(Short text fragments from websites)
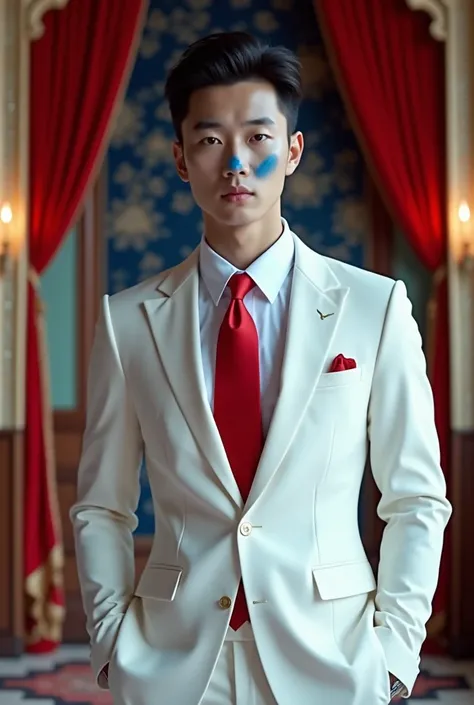 Young korean man in blue skin tone with white suits and long red tie in wedding hall 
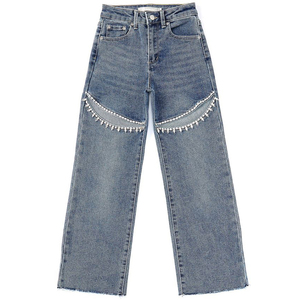 Precio al por mayor de MOQ bajo, pantalones vaqueros rasgados para mujer, pantalones vaqueros Cargo desgastados de gran tamaño, pantalones personalizados para mujer, pantalones holgados para mujer - Product Image 1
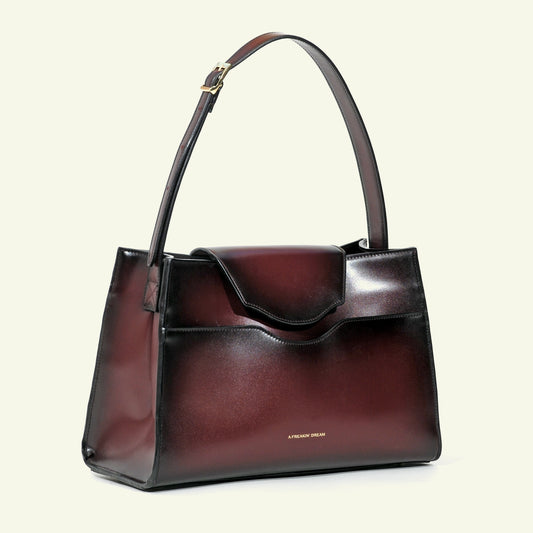 Large Pascale Bag in airbrushed leather "Shiny Burgundy #45082c"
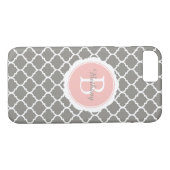Monogram modern grijs roze geometrisch Case-Mate iPhone case (Achterkant (Horizontaal))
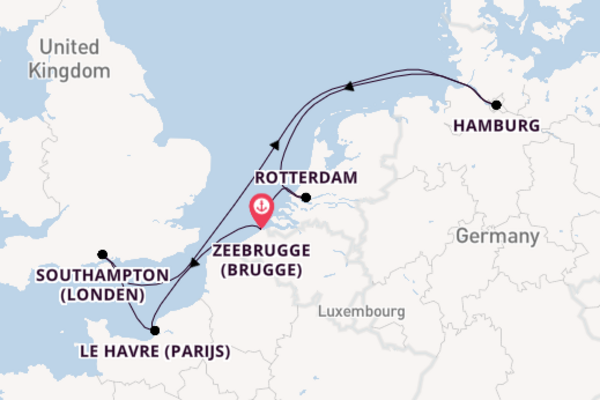 Benelux vanaf Zeebrugge (Brugge), België met de MSC Preziosa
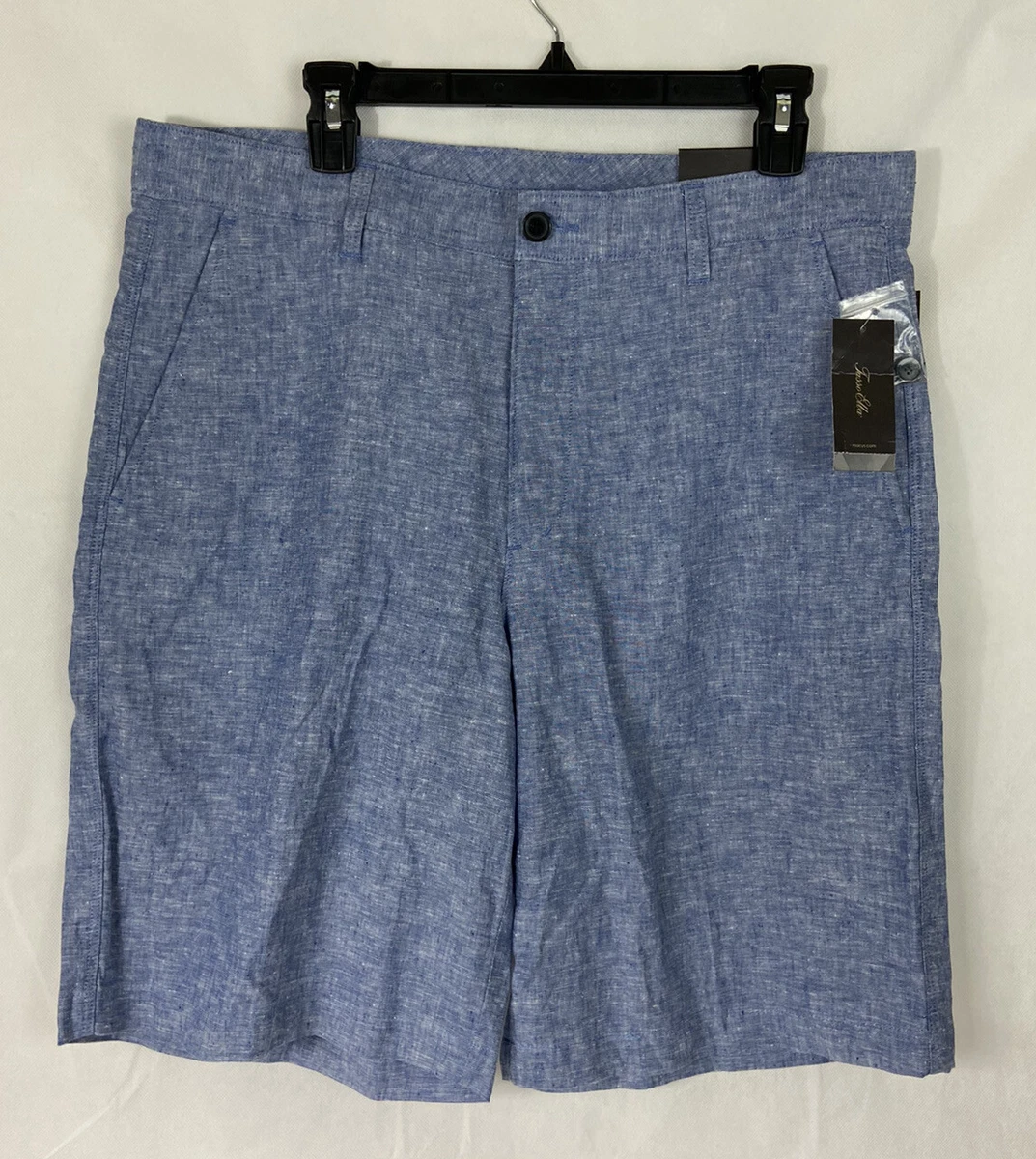 NEW TASSO ELBA ISLANDS LINEN SHORTS MENS 34 NATURAL LINEN BLEND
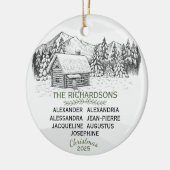 Snowy Mountain Winter Log Cabin X 7 Keramisch Ornament (Links)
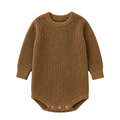 Sprout & Fawn Chestnut Waffle Knit Romper for infants, featuring soft waffle fabric and a cozy, stylish design.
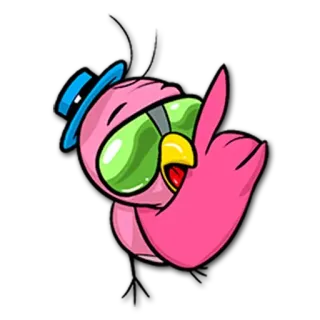 ☝ Cartoon, Vogel, Stinkefinger, Beleidigend, Humor telegram sticker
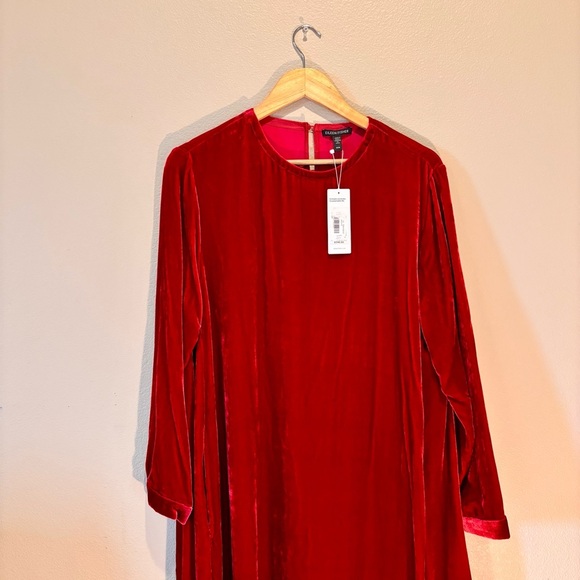 NWT Eileen Fisher Red Velvet Crew Neck Dress, Medium, Elegant Chic Minimalist - Picture 4 of 14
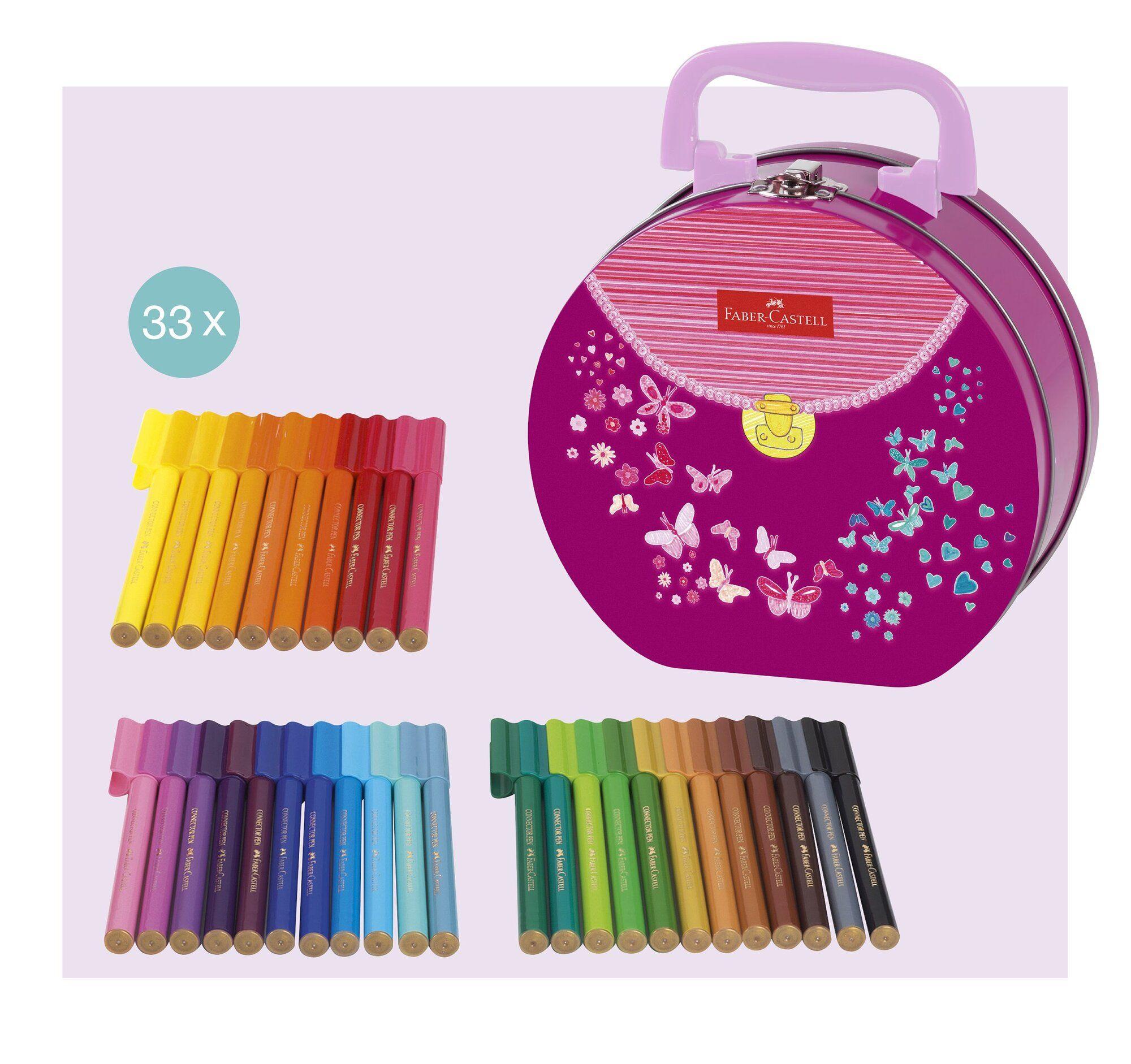 25 Marcadores Connector + Maleta Rosada Faber-Castell-2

» **What the task asks**: Between and including the line with "Benelux vanaf Zeebrugge" and the line with "NWT Eileen Fisher", repeat every line exactly as it appears above, with pictures left out.

» **Reply to the exercise**:
 Benelux vanaf Zeebrugge (Brugge), België met de MSC Preziosa
 NEW TASSO ELBA ISLANDS LINEN SHORTS MENS 34 NATURAL LINEN BLEND
 Snowy Mountain Winter Log Cabin X 7 Keramisch Ornament (Links)
 Sprout & Fawn Chestnut Waffle Knit Romper for infants, featuring soft waffle fabric and a cozy, stylish design.
 ☝ Cartoon, Vogel, Stinkefinger, Beleidigend, Humor telegram sticker
 NWT Eileen Fisher Red Velvet Crew Neck Dress, Medium, Elegant Chic Minimalist - Picture 4 of 14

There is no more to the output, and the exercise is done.